* [THE PROBLEM] Here is the task for the listing below: output exactly the lines from the one containing "More Photos Of" through the one containing "Dame ærmeløst top", and leave out the pictures.

* [DATA RECORDS]
--

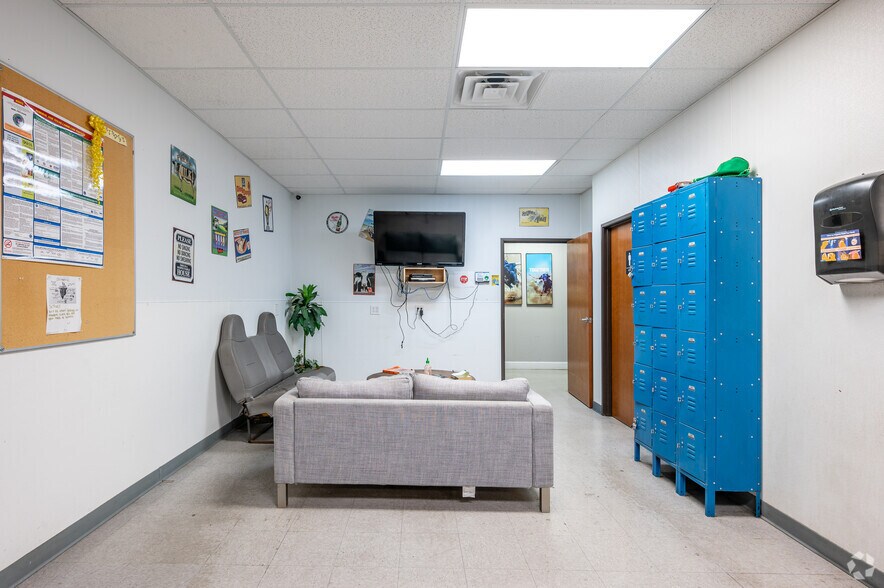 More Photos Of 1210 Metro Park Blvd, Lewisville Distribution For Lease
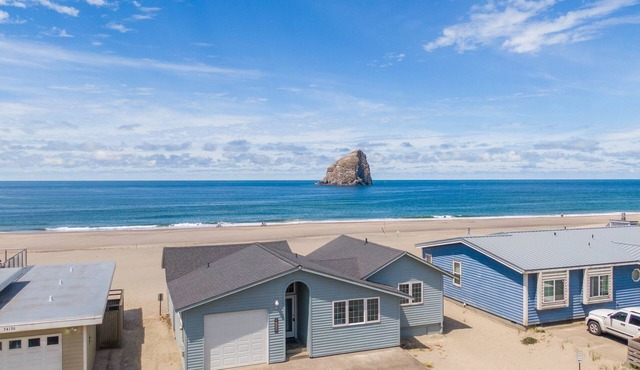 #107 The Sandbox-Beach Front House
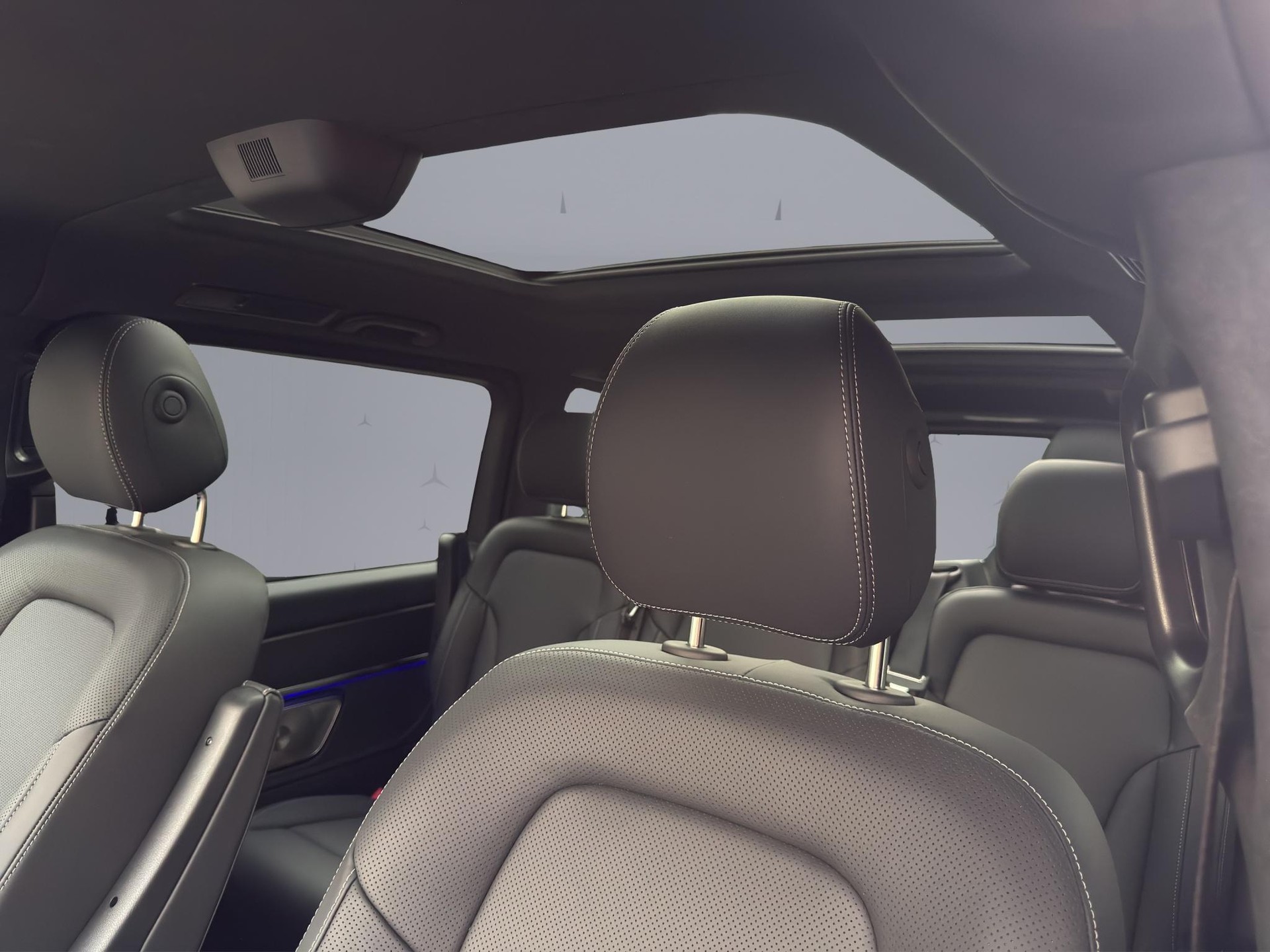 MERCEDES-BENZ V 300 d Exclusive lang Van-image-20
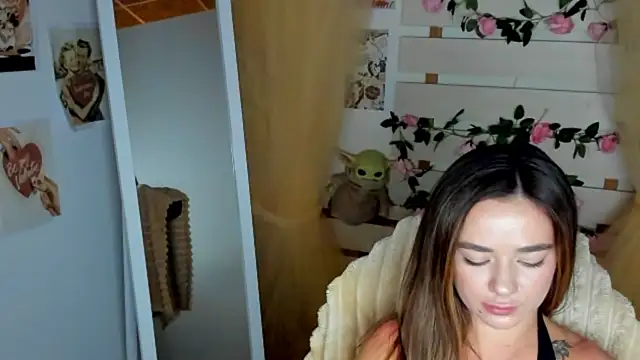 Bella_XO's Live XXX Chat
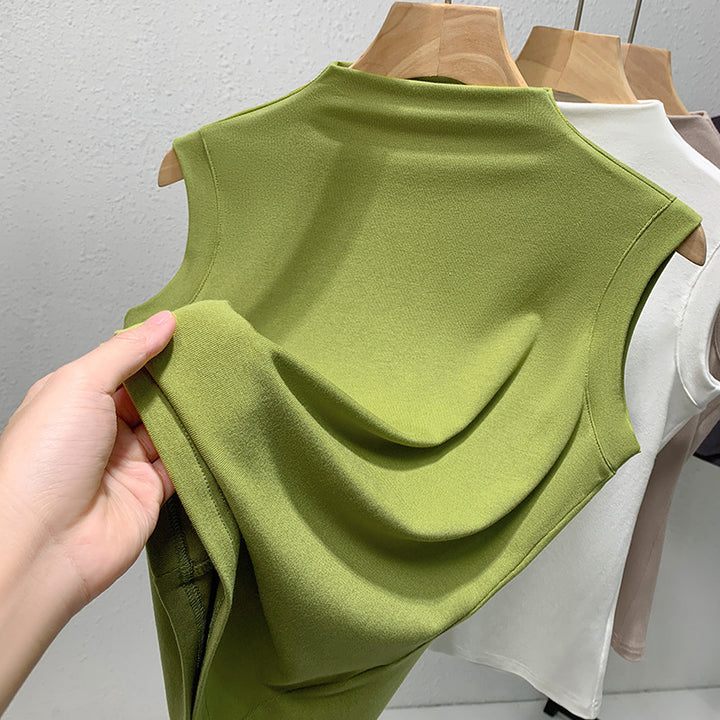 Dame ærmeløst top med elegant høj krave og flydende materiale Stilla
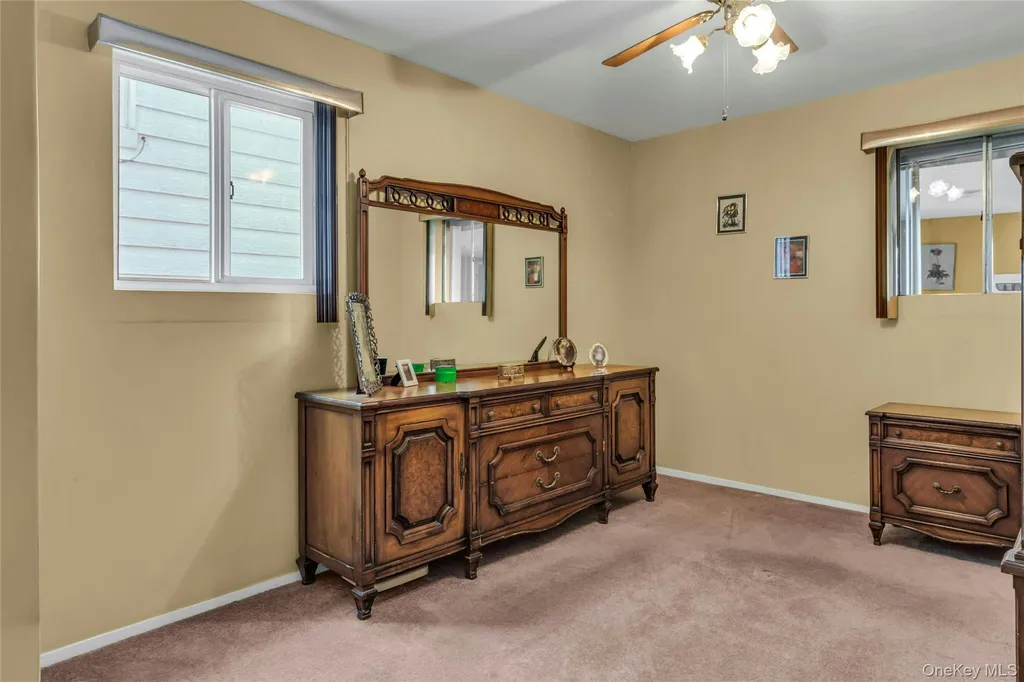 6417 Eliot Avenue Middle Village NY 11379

--

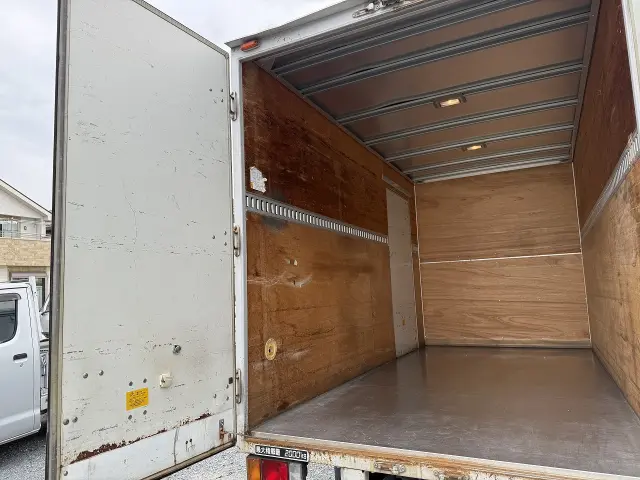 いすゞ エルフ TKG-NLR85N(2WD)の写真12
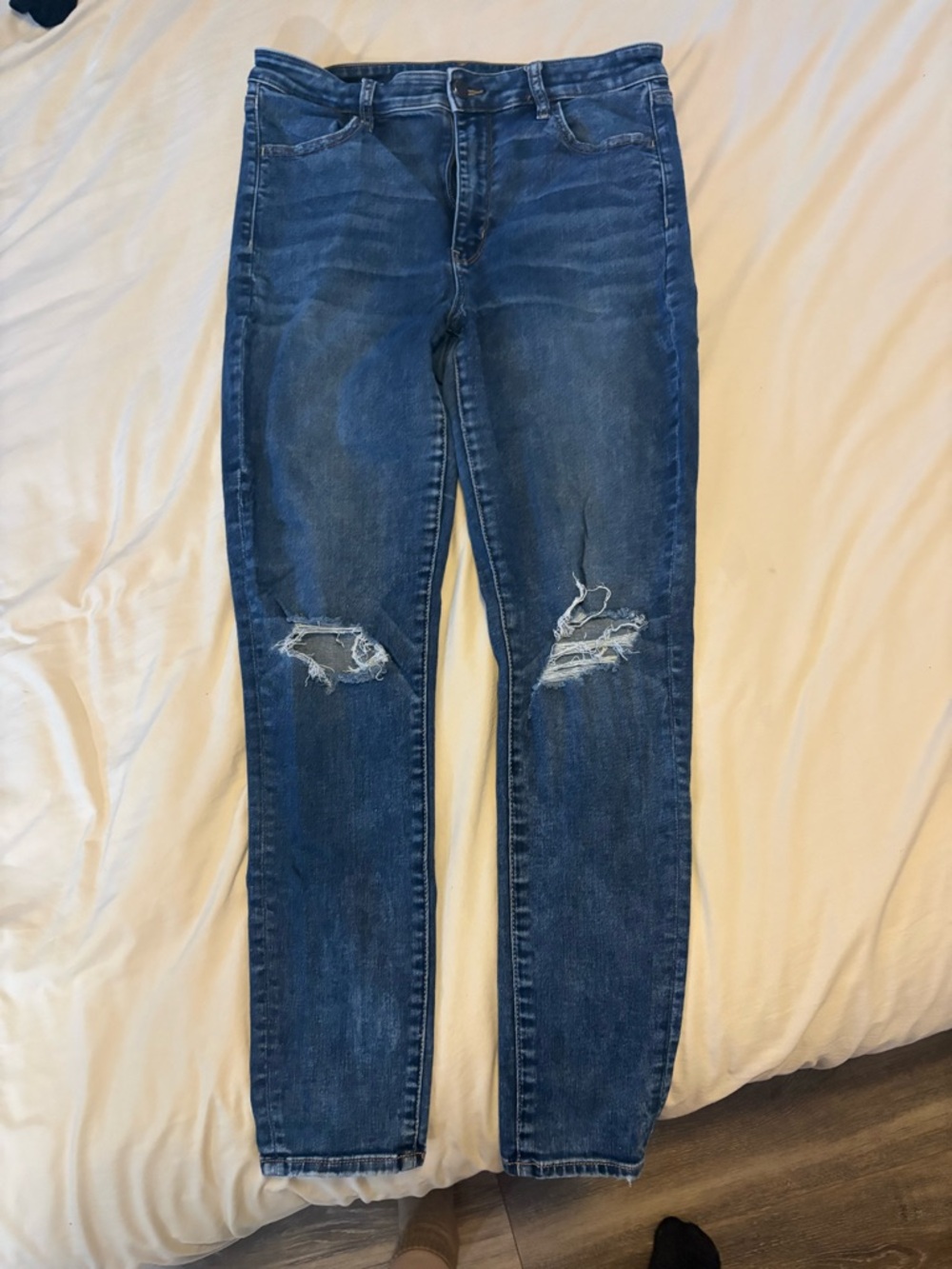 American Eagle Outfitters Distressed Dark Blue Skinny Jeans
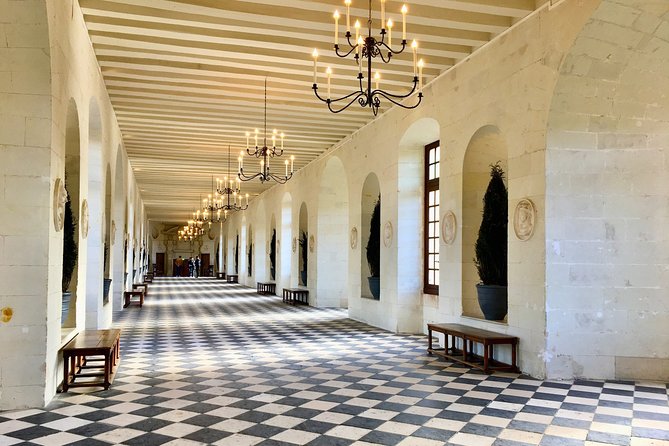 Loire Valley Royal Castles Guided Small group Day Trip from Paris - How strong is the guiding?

--

* [TASK RESULT]
 More Photos Of 1210 Metro Park Blvd, Lewisville Distribution For Lease
 #107 The Sandbox-Beach Front House
 MERCEDES-BENZ V 300 d Exclusive lang Van-image-20
 Bella_XO's Live XXX Chat
 Dame ærmeløst top med elegant høj krave og flydende materiale Stilla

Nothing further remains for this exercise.